LOS ANGELES - Twelve statewide propositions appeared on the California ballot for the November 3 election and voters will decide what becomes law. Those measures cover an array of topics including stem cell research, primary voting for 17-year-olds, kidney dialysis clinics and data privacy rules.
California voters pass Proposition 14
Proposition 14 would allow California to sell $5.5 billion in general obligation bonds for continued stem cell and medical research. The measure builds on Prop 71 that was enacted by voters in 2004 to support stem cell research and authorized $3 billion in bonds. According to the League of Women Voters of California, almost all the funds from the sale of the bonds authorized by Prop 71 have been spent.
California voters reject Proposition 18
Proposition 18 would allow 17-year-olds to vote in primaries and special elections, provided they turn 18 by the November general election. At least 18 states and Washington, D.C., have adopted laws that let people younger than 18 vote in certain circumstances.

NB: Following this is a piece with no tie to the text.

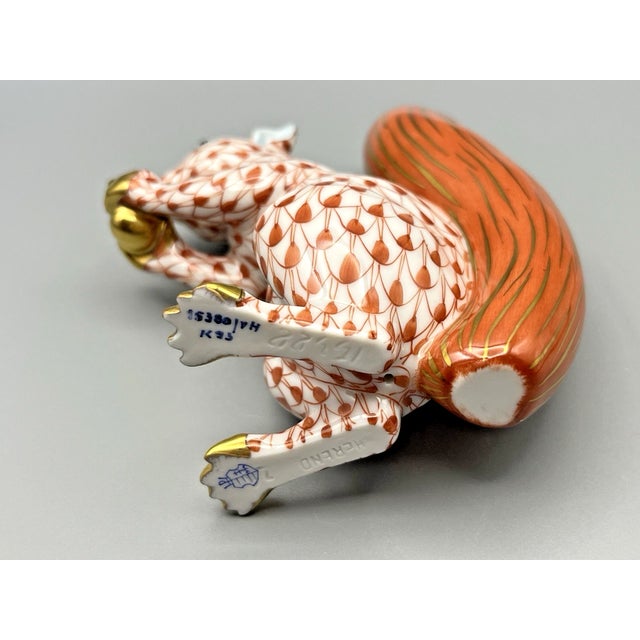 Ceramic Vintage MCM Herend Rust Fishnet Squirrel Figurine For Sale - Image 7 of 7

Advocates say any chance to get people in the habit of voting should be encouraged. Besides, they say, young people whose birthdays fall between the primary and the general election are at an unfair disadvantage.
The Election Integrity Project California, the main opponent to Proposition 18, says that 17-year-olds are still considered children under the law and have no business deciding elections.
California voters reject Proposition 23
Proposition 23 was placed on the ballot by unions that represent health care workers and has attracted more than $110 million in political spending to persuade voters.
Opponents, financed by dialysis clinic companies, say that under that mandate, between two and three doctors would be required at every facility because most are open at least 16 hours a day, creating a financial burden that could lead some clinics to close.
Proposition 23 is the second attempt by the unions to increase regulation of dialysis clinics in California, where DaVita Inc. and Fresenius Medical Care — two of the country’s largest for-profit dialysis providers — operate about three-quarters of the state’s dialysis market.
California voters pass Proposition 24
Proposition 24 would update a 2018 law that gave Californians the right to know what information companies collect about them online, the right to get that data deleted and the right to opt out of the sale of their personal information.
The new measure would triple the fines for companies that violate kids’ privacy or break laws on the collection and sale of children’s private information. It would create a dedicated state agency to enforce the new law, with an annual budget of $10 million.